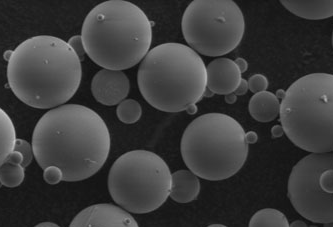 Selected unretouched crop of intact PWHGMs from ARC Hitachi SEM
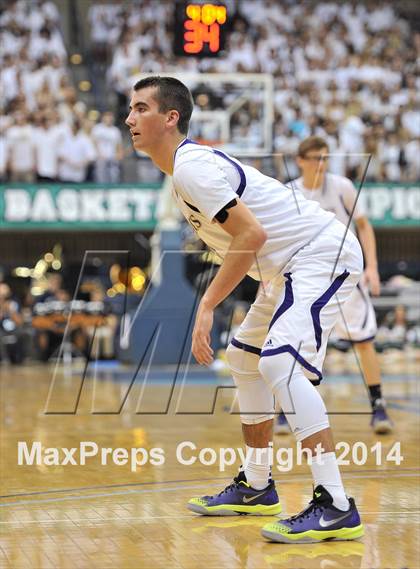 Thumbnail 3 in St. Augustine Vs La Costa Canyon (CIF SDS Open Division Final) photogallery.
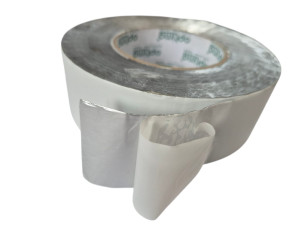 TAŚMA ALUMINIOWA GŁADKA 100mb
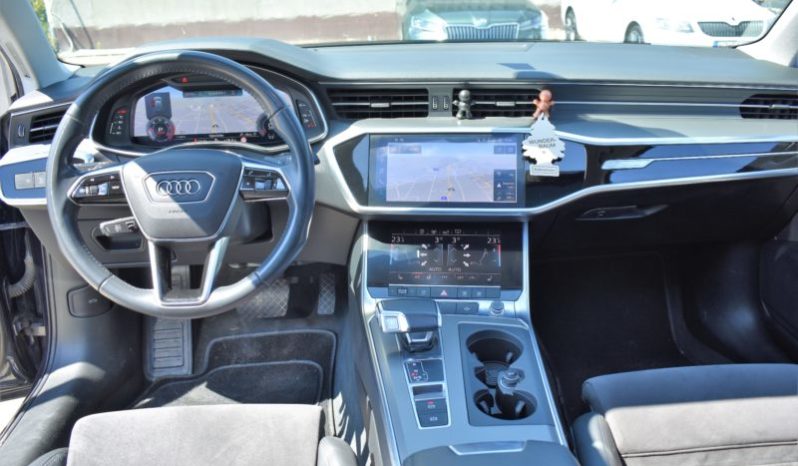 Audi A6 Avant 40 2.0 TDI mHEV Design S tronic full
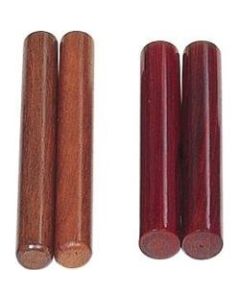 Hardwood Claves (pr) Model: RB723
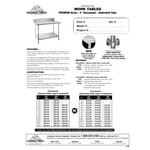 Advance Tabco KLG-2411 24 Advance Tabco KLG-2411 24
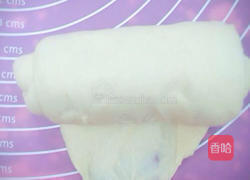 牛奶软吐司的做法图解11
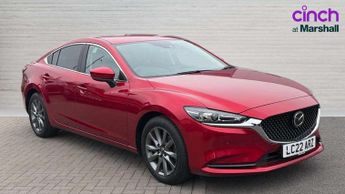 Mazda 6 2.0 Skyactiv-G SE-L 4dr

****************

Try it — An exact copy of every entry above is needed, minus the pictures.

Task solution —
 Selected unretouched crop of intact PWHGMs from ARC Hitachi SEM
 Thumbnail 3 in St. Augustine Vs La Costa Canyon (CIF SDS Open Division Final) photogallery.
 TAŚMA ALUMINIOWA GŁADKA 100mb
 Audi A6 Avant 40 2.0 TDI mHEV Design S tronic full
 Hardwood Claves (pr) Model: RB723
 Advance Tabco KLG-2411 24 Advance Tabco KLG-2411 24
 牛奶软吐司的做法图解11
 Mazda 6 2.0 Skyactiv-G SE-L 4dr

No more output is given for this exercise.